There is no similar switch on the horizon. That means that Chief Justice Roberts, 55, is settling in for what is likely to be a very long tenure at the head of a court that seems to be entering a period of stability.

If the Roberts court continues on the course suggested by its first five years, it is likely to allow a greater role for religion in public life, to permit more participation by unions and corporations in elections and to elaborate further on the scope of the Second Amendment’s right to bear arms. Abortion rights are likely to be curtailed, as are affirmative action and protections for people accused of crimes.

The recent shift to the right is modest. And the court’s decisions have hardly been uniformly conservative. The justices have, for instance, limited the use of the death penalty and rejected broad claims of executive power in the government’s efforts to combat terrorism.

But scholars who look at overall trends rather than individual decisions say that widely accepted political science data tell an unmistakable story about a notably conservative court.

Almost all judicial decisions, they say, can be assigned an ideological value. Those favoring, say, prosecutors and employers are said to be conservative, while those favoring criminal defendants and people claiming discrimination are said to be liberal.

Analyses of databases coding Supreme Court decisions and justices’ votes along these lines, one going back to 1953 and another to 1937, show that the Roberts court has staked out territory to the right of the two conservative courts that immediately preceded it by four distinct measures:

¶In its first five years, the Roberts court issued conservative decisions 58 percent of the time.

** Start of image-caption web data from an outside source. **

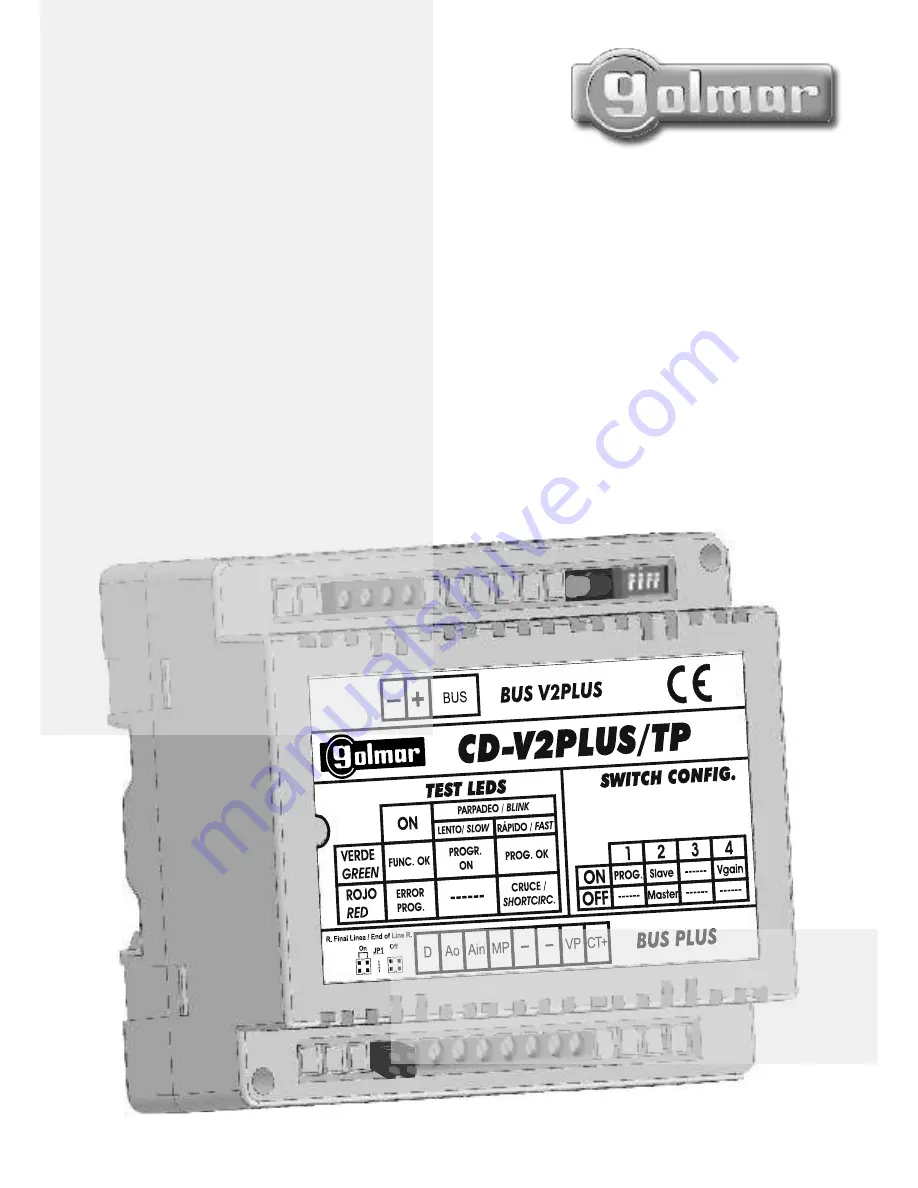 golmar CD-V2PLUS/TP Скачать руководство пользователя страница 1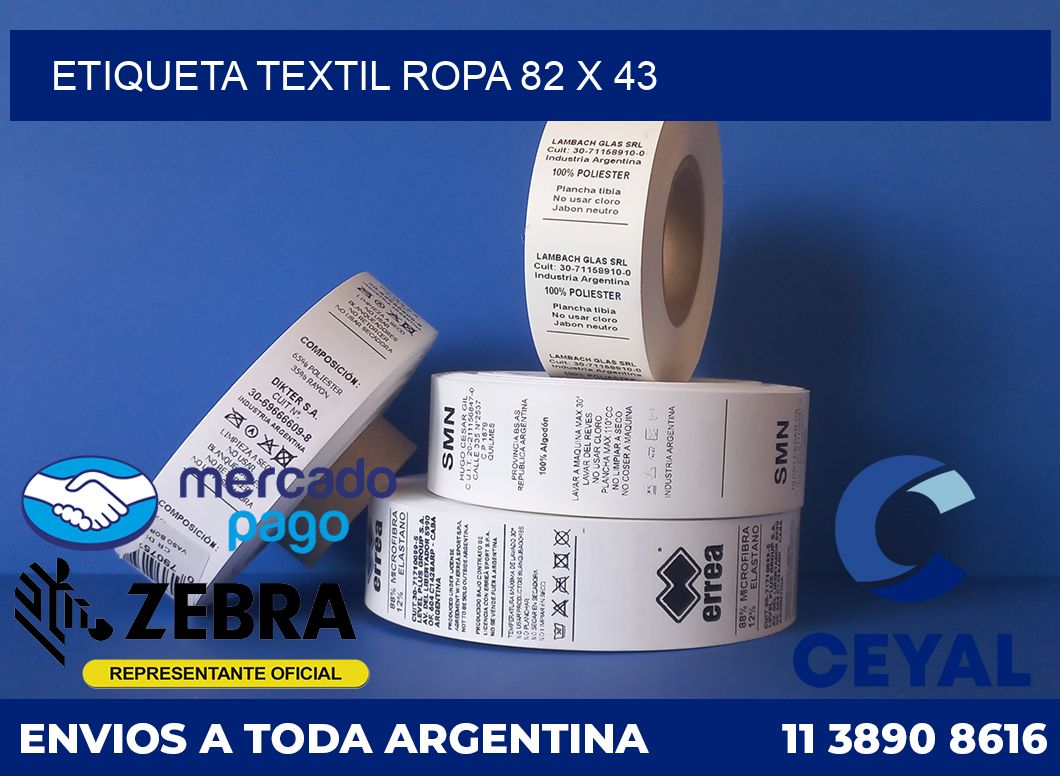 ETIQUETA TEXTIL ROPA 82 x 43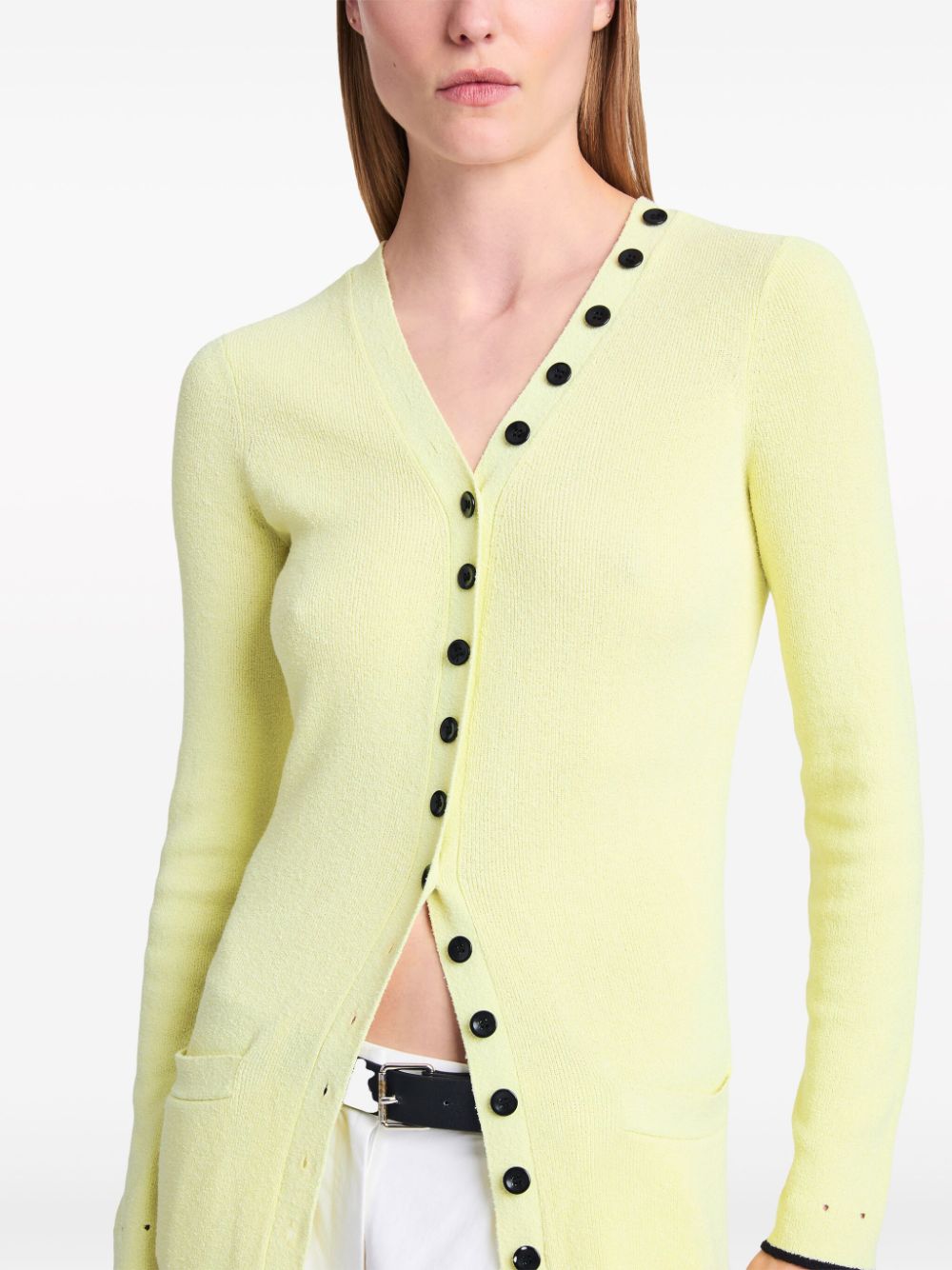 Shop Proenza Schouler White Label Cameron Ribbed-knit Dress In Yellow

And in the term ending a year ago, the rate rose to 65 percent, the highest number in any year since at least 1953.

The courts led by Chief Justices Warren E. Burger, from 1969 to 1986, and William H. Rehnquist, from 1986 to 2005, issued conservative decisions at an almost indistinguishable rate — 55 percent of the time.

That was a sharp break from the court led by Chief Justice Earl Warren, from 1953 to 1969, in what liberals consider the Supreme Court’s golden age and conservatives portray as the height of inappropriate judicial meddling. That court issued conservative decisions 34 percent of the time.

¶Four of the six most conservative justices of the 44 who have sat on the court since 1937 are serving now: Chief Justice Roberts and Justices Alito, Antonin Scalia and, most conservative of all, Clarence Thomas. (The other two were Chief Justices Burger and Rehnquist.) Justice Anthony M. Kennedy, the swing justice on the current court, is in the top 10.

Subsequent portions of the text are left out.